» **Task details**
Print the listing below only from the line that has "Fisa Depistare La Clasa 2025 2026 | PDF" through the line that has "BRACCIALE ELASTICO CON PIETRE DURE COLORATE", exactly, and drop any picture.

» **Available data**

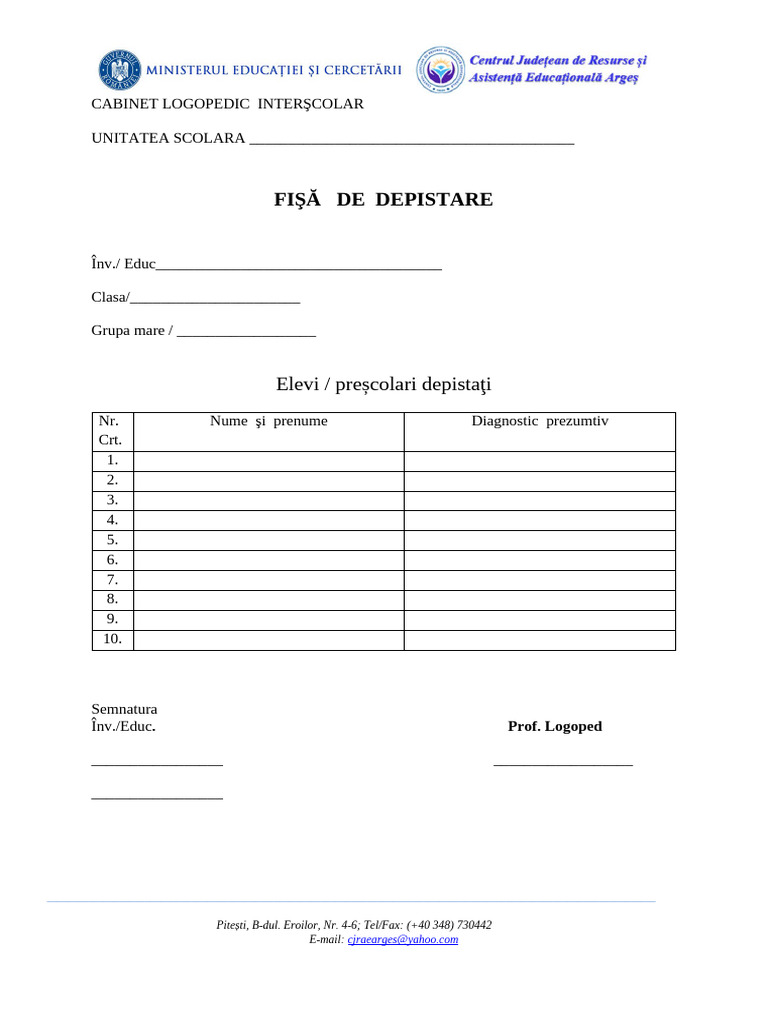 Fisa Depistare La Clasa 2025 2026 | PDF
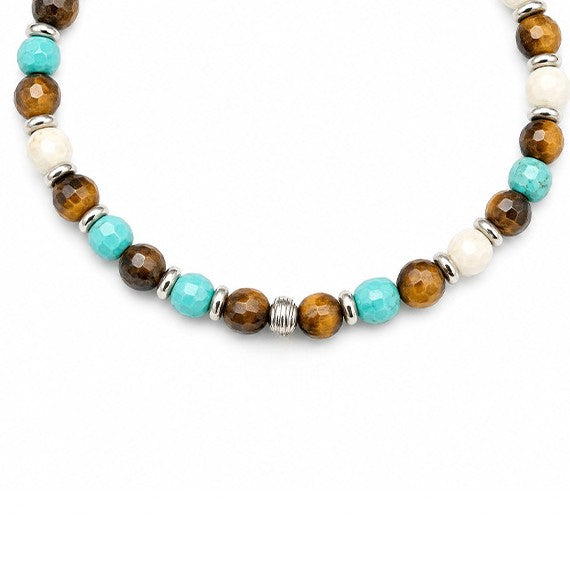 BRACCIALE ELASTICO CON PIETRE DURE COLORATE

* * *

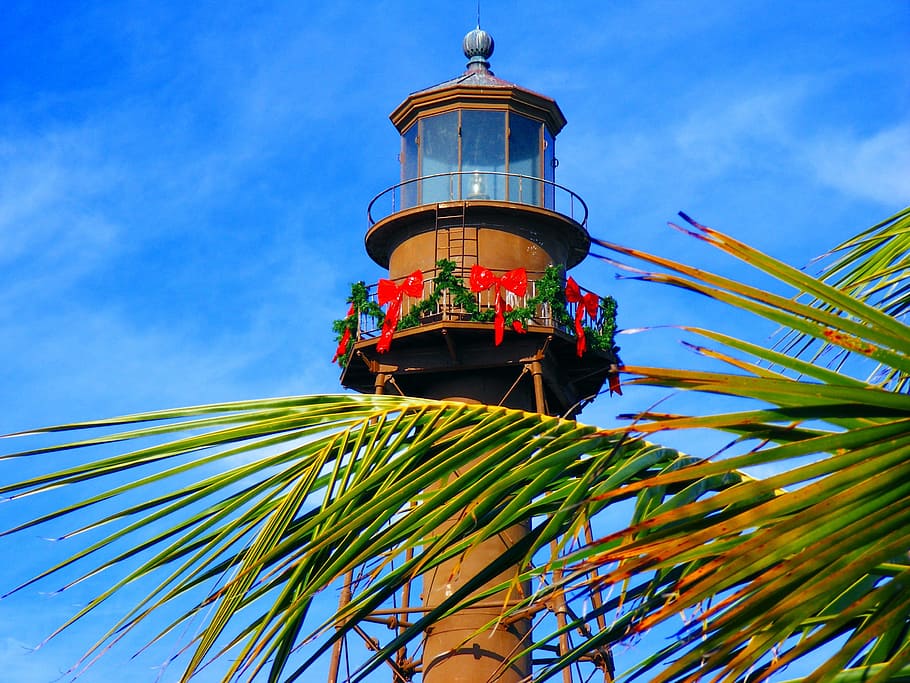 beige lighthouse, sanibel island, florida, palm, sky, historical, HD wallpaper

--

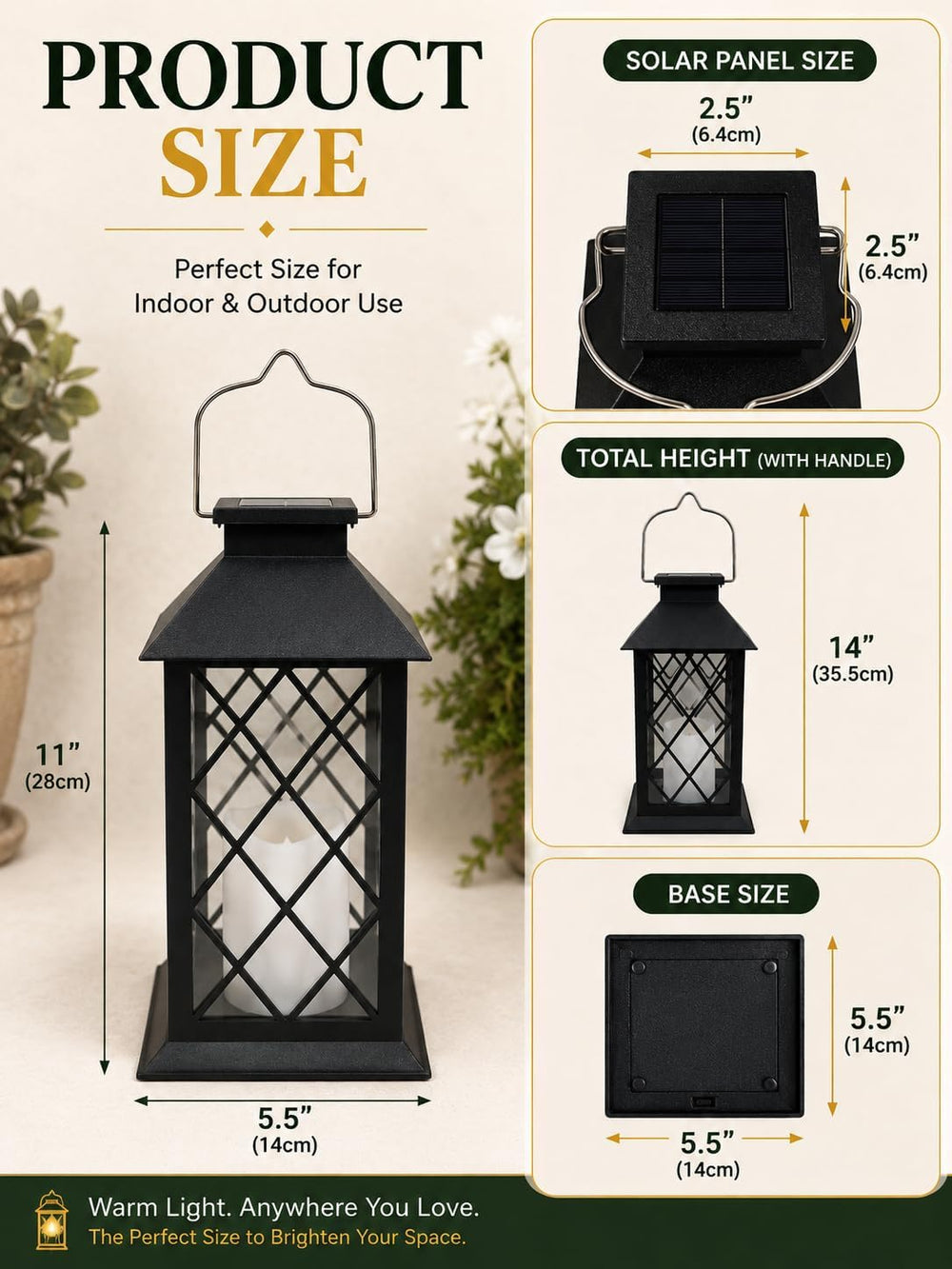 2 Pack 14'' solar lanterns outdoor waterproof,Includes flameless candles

» **Result of the task**
 Fisa Depistare La Clasa 2025 2026 | PDF
 BRACCIALE ELASTICO CON PIETRE DURE COLORATE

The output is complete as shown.